Chapter 1
I used to be the girl who laughed until her sides ached.
The kind of laughter that turned heads at crowded beach bars, that made strangers look up from their drinks and smile without knowing why. The kind that made Anna press her hand over her face in mock embarrassment while Mathea and Teresa doubled over beside her. Sophie, people are staring. They always said it like a complaint. But their eyes were always laughing too.
Back in Miami, life smelled like salt and sunscreen and possibility. The air sat warm and heavy on your skin even after dark, and the ocean was never more than a few minutes away — a constant, breathing presence at the edge of everything. My world was chaotic and loud and beautiful, stitched together from late-night beach walks and cheap margaritas and the kind of friendships that don’t need explaining. The four of us had grown up with sand between our toes and dreams that stretched as wide and endless as the Atlantic. We believed in things the way only young women who have never been truly broken yet can believe — with the whole heart, without conditions, without fine print.
Anna.

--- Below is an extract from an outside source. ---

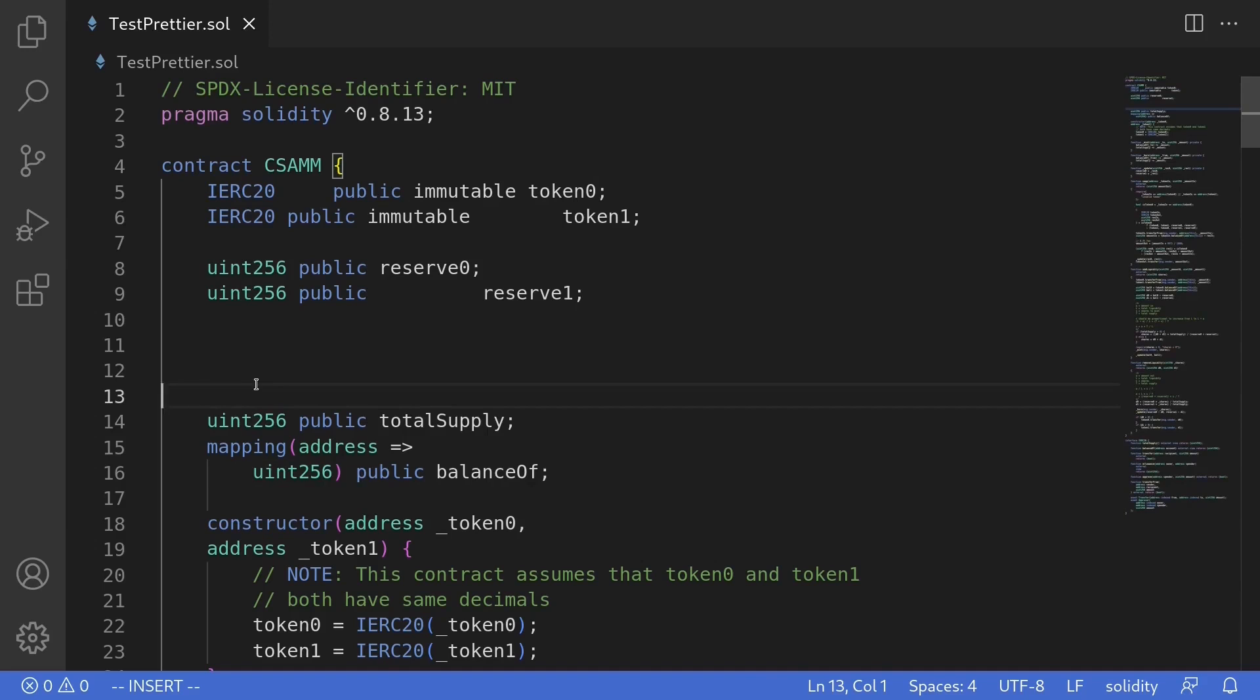The first thing that we need to do is install some packages. So from the left, click on the plugins.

Mathea. Teresa.
And me.
Together we were unstoppable. Or at least, that’s what it felt like then.
I was the emotional one. Everyone knew it, and I wore it without shame. I cried during films, during songs on the radio, during commercials about dogs finding their way home. I believed in love the way some people believe in gravity ... not because I had proved it, but because I couldn’t imagine a world built without it. I believed that if two people truly loved each other, if they chose each other every single day, they could survive anything the world threw at them.
Then I met Alex.
He walked into my life at a rooftop party in South Beach on a night when the sky was the color of a bruised peach and the music was just loud enough to make conversation feel like a secret. He was sun-kissed and effortlessly charming, with sandy hair that fell across his forehead and an Australian accent that made everything he said sound like an invitation. He spoke about Sydney with the reverence of someone describing paradise ... the harbour, the light, the way the whole city felt like it was built for living rather than just existing. He talked about his career in sales like it was only just beginning to bloom, like there was so much good still ahead of him, so much ground left to cover.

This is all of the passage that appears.